Sur les conclusions présentées au titre de l’article L. 761-1 du code de justice administrative :
8. Dans les circonstances de l’espèce, il y a lieu de mettre à la charge de l’Etat une somme de 1 500 euros à verser à M. C sur le fondement des dispositions de l’article L. 761-1 du code de justice administrative.
D É C I D E :
Article 1er : La sanction administrative du 20 décembre 2022 est annulée.

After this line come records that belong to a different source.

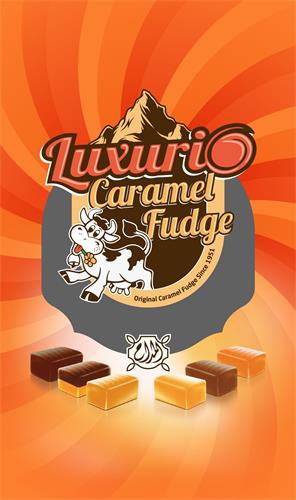 Luxuri Caramel Fudge Original Caramel Fudge Since 1951 trademark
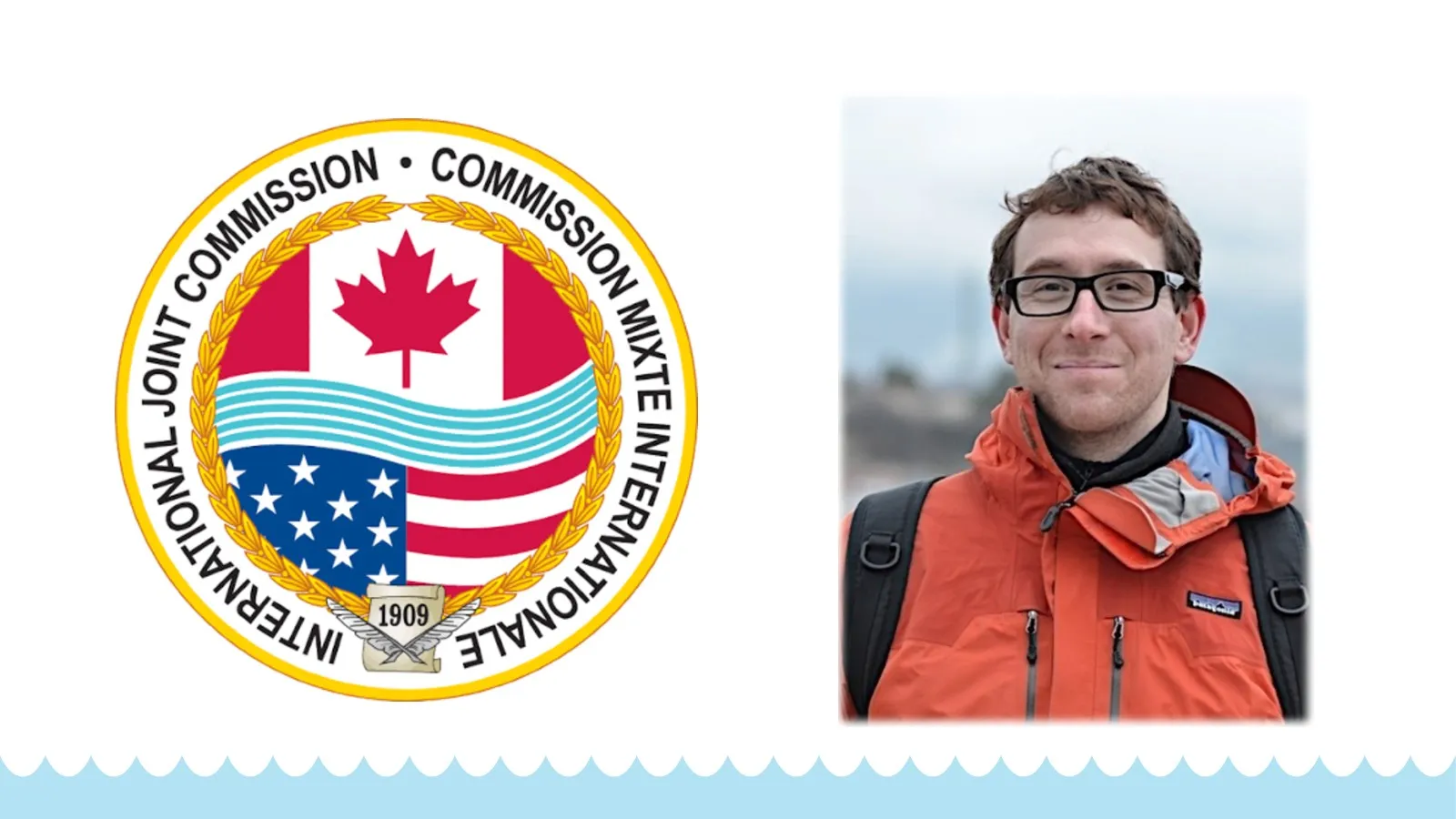 International Joint Commission Logo and Headshot of Jim Hood
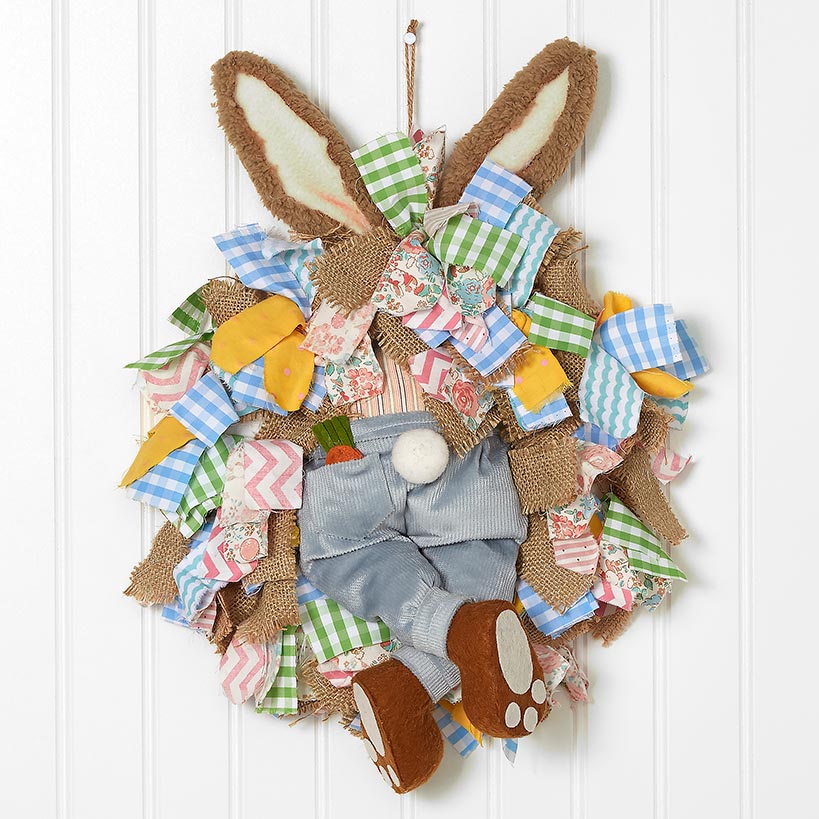 Easter Bunny Butt Wreath - Boy or Girl#select-bunny_boy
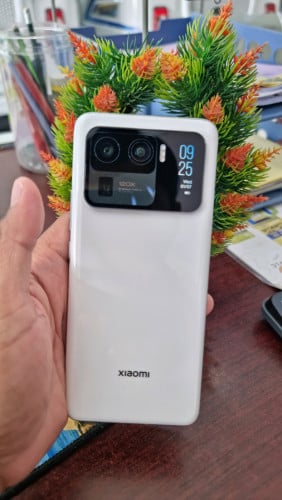 Mi 11 Ultra globle sim2 99% សំនុំហ្សុីនធានាស្អាតផ្លឹងដូចរូប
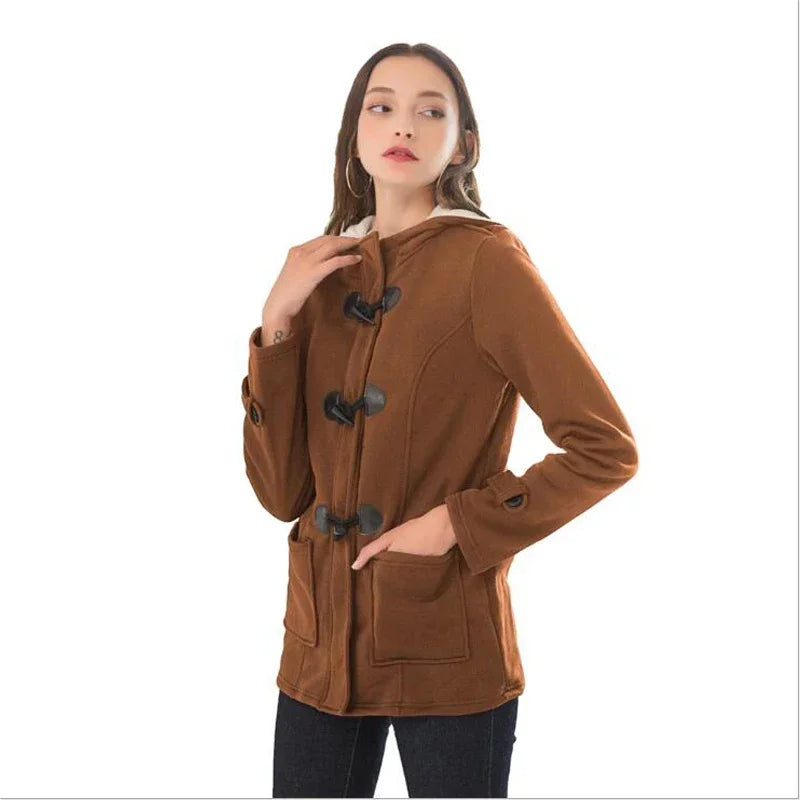 Women's Polyester Long Sleeves Solid Pattern Waterproof Jacket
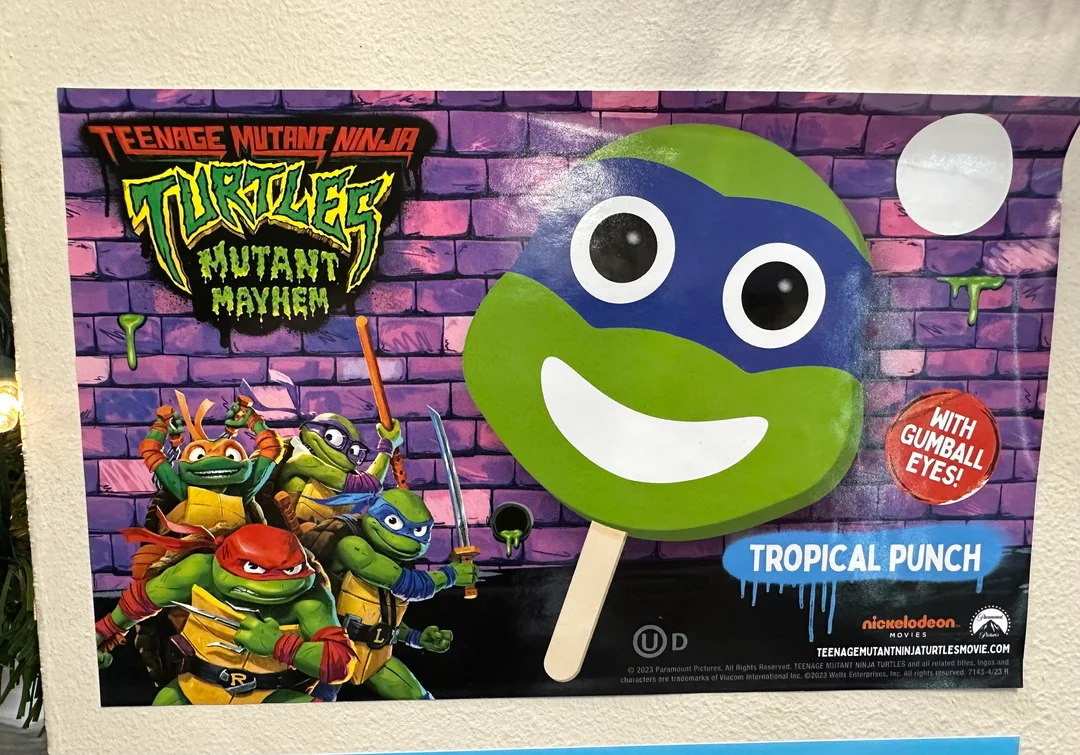 Teenage Mutant Ninja Turtles ice cream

Article 2 : Il est enjoint au préfet du Var de restituer sans délai à M. C sa carte professionnelle, sous réserve que sa validité n’ait pas expiré.
Article 3 : L’Etat versera à M. C une somme de 1 500 euros au titre de l’article L. 761-1 du code de justice administrative.
Article 4 : Le surplus des conclusions de la requête est rejeté.
Article 5 : Le présent jugement sera notifié à M. B C et au préfet du Var.
Délibéré après l’audience du 24 avril 2025, à laquelle siégeaient :
M. Philippe Harang, président,
M. Zouhaïr Karbal, conseiller,
Mme Mathilde Montalieu, conseillère.
Rendu public par mise à disposition au greffe le 15 mai 2025.
La rapporteure,
Signé
M. MONTALIEU
Le président,
Signé
Ph. HARANG
La greffière,
Signé
A. CAILLEAUX
La République mande et ordonne au préfet du Var en ce qui le concerne ou à tous commissaires de justice à ce requis en ce qui concerne les voies de droit commun contre les parties privées, de pourvoir à l’exécution de la présente décision.